EQUIPA DA ADF
Durante dois dias, membros das Forças Armadas do Sudão (SAF) defenderam uma instalação industrial militar em Yarmouk dos ataques das Forças de Apoio Rápido (RSF) paramilitares. No dia 7 de Junho, enquanto um incêndio deflagrava perto do local, as RSF publicaram um vídeo em que afirmavam ter tomado o controlo de um armazém cheio de armas de fogo e munições.
Para os especialistas que acompanham a violência, incidentes como este confirmam um receio de que as armas possam ser saqueadas e circular dentro e fora do país.
“Em qualquer lugar onde haja falhas de segurança nas instalações de armazenamento de armas, então, sim, algum desse material pode encontrar o seu caminho através das fronteiras e para os Estados vizinhos,” Khristopher Carlson, investigador sénior e coordenador de projectos do Small Arms Survey, com sede em Nairobi, disse à ADF. “A possibilidade continua a existir enquanto este conflito continuar e enquanto esses armazéns de armas e a sua segurança permanecerem em dúvida.”
O Sudão é um dos maiores fabricantes de armas e munições em África. A indústria prosperou na década de 1990, durante o regime do antigo ditador Omar al-Bashir, com a criação da Corporação da Indústria Militar do país. Al-Bashir utilizou as armas para armar grupos internos leais e combatentes estrangeiros, incluindo o Exército de Resistência do Senhor no norte do Uganda e nos países vizinhos. O Exército de Resistência do Senhor (LRA, na sigla inglesa) foi considerado uma organização terrorista devido aos seus ataques macabros contra civis.
“Ele queria aumentar a sua capacidade militar, não só com as forças militares imediatas do Sudão, mas também com outras que tinham convicções políticas alinhadas e que podiam ser chamadas a apoiar,” disse Carlson. “Isso permitiu a Bashir envolver-se indirectamente, através destes representantes, noutros conflitos na região.”
A nível interno, o Sudão tornou-se uma nação fortemente armada. De acordo com o SAS, existem mais de 3 milhões de armas de fogo no país, a maioria das quais nas mãos de cidadãos privados. Isso faz com que seja o segundo país mais armado da África do Norte ou Oriental, depois do Egipto.
Agora, essas vastas reservas de armas estão a ser utilizadas numa guerra civil. Carlson disse que as RSF e as SAF parecem ter amplas reservas de armas ligeiras e de pequeno calibre (ALPC) e de munições. Um dos desenvolvimentos mais perigosos é o facto de as RSF terem obtido mísseis terra-ar portáteis SA-18 (MANPADS) de fabrico russo. Esses mísseis constituem uma ameaça para os aviões civis e militares.

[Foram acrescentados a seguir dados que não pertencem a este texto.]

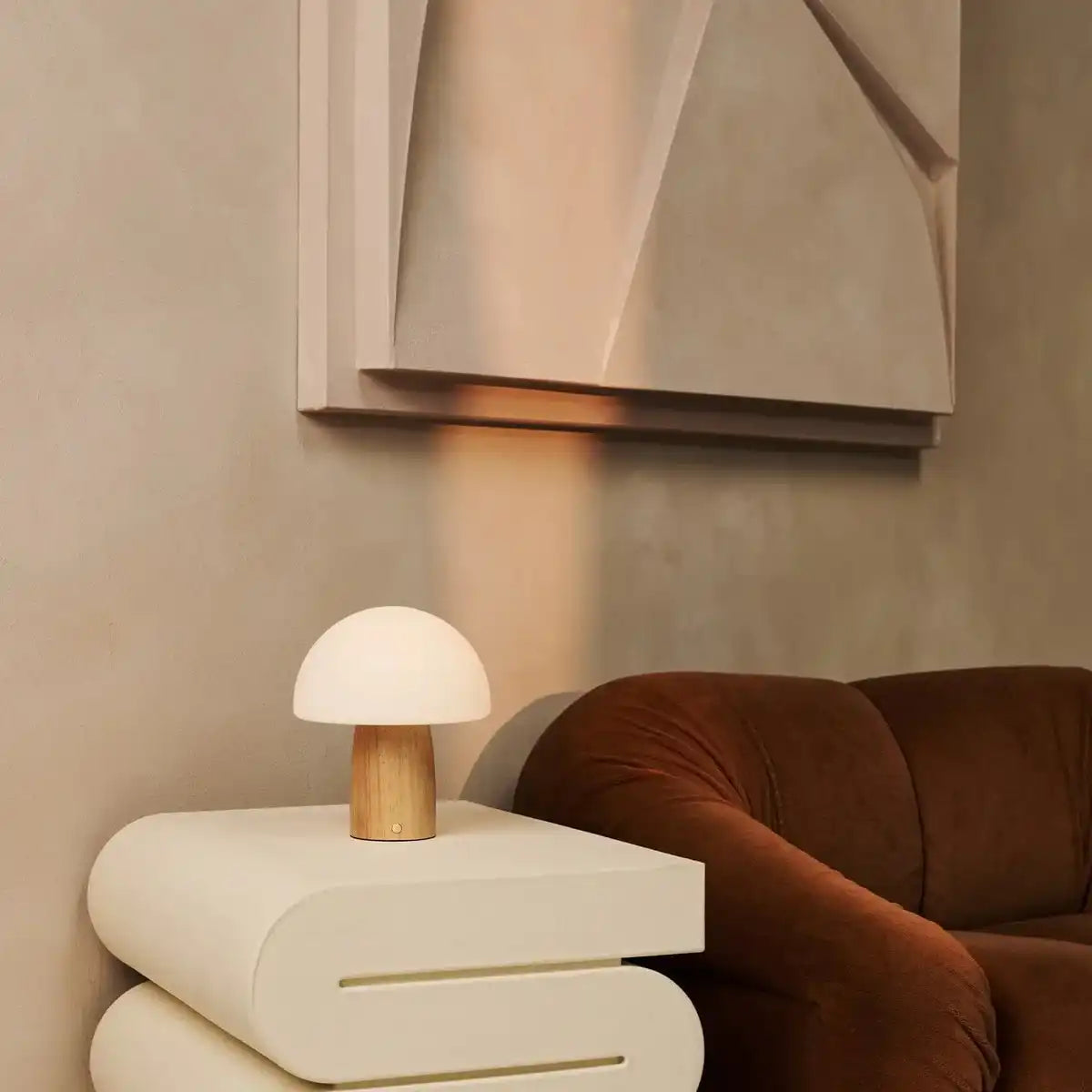 Mia hellbraun stilvolle Holztischlampe mit Dimmer - Holz, funktional und subtil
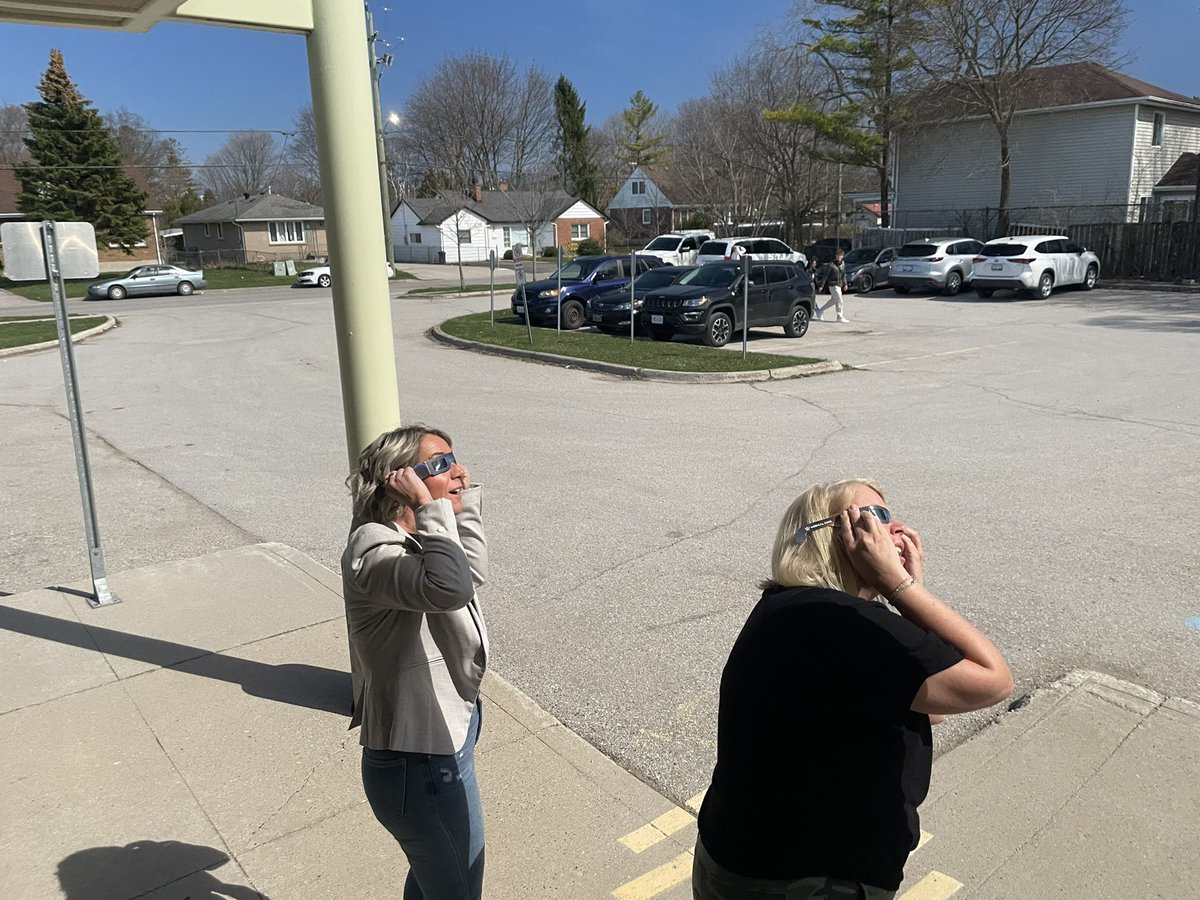 Eclipse viewing with my <a href="/NorthbraeKnight/">Northbrae Public School</a> partner <a href="/TaraMac90448518/">Tara Macdonald</a>! Pretty cool STEM activity on a Math PD day ☀️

“Trata-se de um desenvolvimento de alguma importância, uma vez que as RSF continuam a tentar reforçar a sua capacidade de defesa contra ataques aéreos,” disse Carlson.
A preocupação mais geral é que a insegurança faça com que ALPC proliferem no país e desencadeiem outros conflitos. No Darfur, habitantes desesperados estão a pagar 1.200 dólares por uma metralhadora Kalashnikov e 2 dólares por cada bala, de acordo com uma reportagem da France24. Eles dizem que não têm escolha.
“É muito fácil obter armas no Darfur: basta ter dinheiro suficiente,” disse um residente anónimo à France24. “Os habitantes financeiramente mais abastados têm podido comprar armas ligeiras para se defenderem. Não podem ficar de braços cruzados.”
Carlson disse que em algumas partes de Darfur, representantes do governo estão a distribuir armas. O governador regional, Minni Minnawi, recorreu ao Twitter para exortar os cidadãos a armarem-se. Esta quebra de ordem está a fazer aumentar a procura de armas e, com ela, o risco de a violência alastrar-se.
“Isso demonstra uma falta de segurança formal,” disse Carlson. “Os civis estão a ser chamados a lidar com isto sozinhos porque o Estado percebe que não os pode proteger.”